If $$G$$ is a bipartite permutation graph, then the following conditions are equivalent: (1) $$G$$ is planar, (2) $$G$$ contains no $$K_{3,3}$$ subgraph, and (3) in the notation from my previous post for $$G$$ , the pairs of "><" characters are never nested more than two levels deep.

Here's an example, for the graph denoted by the string ">>\\/\//\</\><//\>\\</<".
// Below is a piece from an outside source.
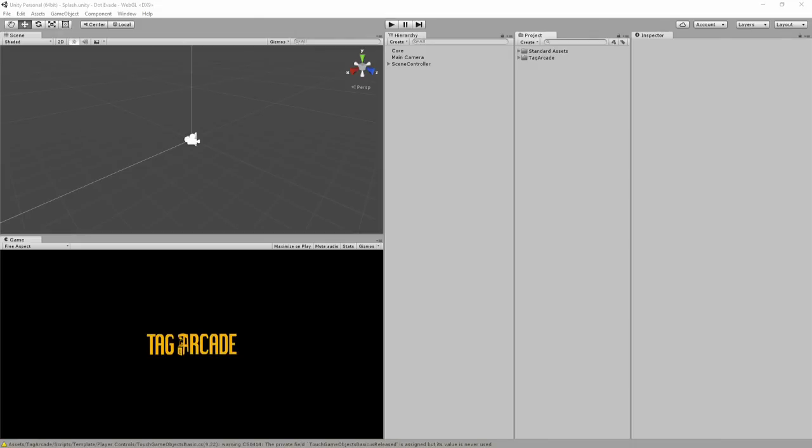Hi, welcome to Tag Arcade. And in this tutorial, I'm going to show you how to release a game for WebGL.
To see that these conditions are equivalent, observe first that (1) implies (2), which implies (3). And if there are no three nested pairs in the notation, then $$G$$ can be drawn planarly by the following very simple algorithm: construct $$G$$ by adding vertices one or two at a time as indicated by the notation. Draw each red vertex on the $$x$$ axis, and each blue vertex on the $$y$$ axis. Within a single color class, draw the vertices on alternating sides of the origin, with each new vertex farther from the origin than the previously drawn vertex on the same side; that is, draw the red vertices with $$x$$ coordinates 1, −1, 2, −2, etc, and similarly for the blue vertices. When each vertex is added, draw edges connecting it to one or two of the outermost vertices of the other color (depending on whether it is within one or two levels of nesting); these edges are outside the convex hull of all the other vertices, so they cannot cross anything.
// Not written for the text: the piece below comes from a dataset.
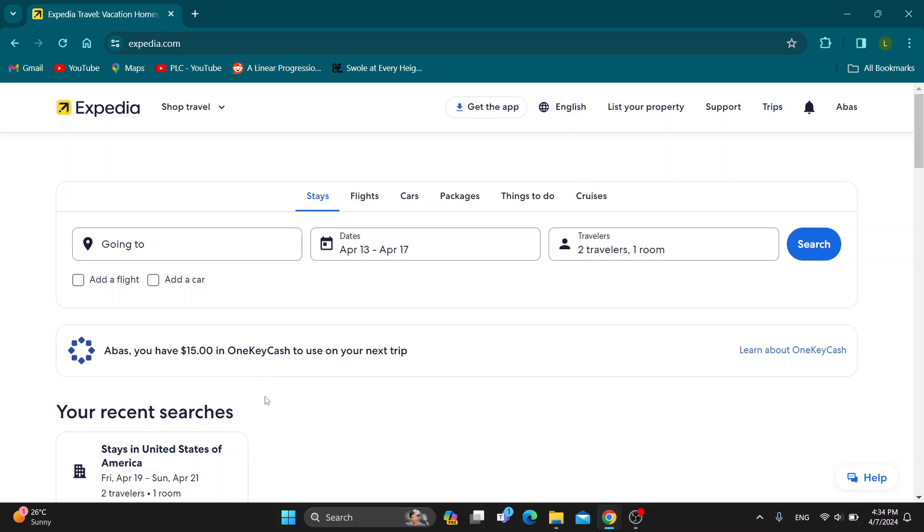Make sure to watch this quick and easy video till the very end and follow my steps correctly so you can make sure that this works the same for you. Let's get straight into it. The first thing you want to do is open up the official Expedia.com website right here.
The image above was generated by an implementation of the algorithm. You may be wondering why there are more blue vertices below the horizontal axis than above it; it's because the original output was in SVG format and in that format the origin is at the top left and increasing coordinate values go downwards. So the first blue vertex generated by the algorithm is the one just below the horizontal axis, and the last one is the bottommost.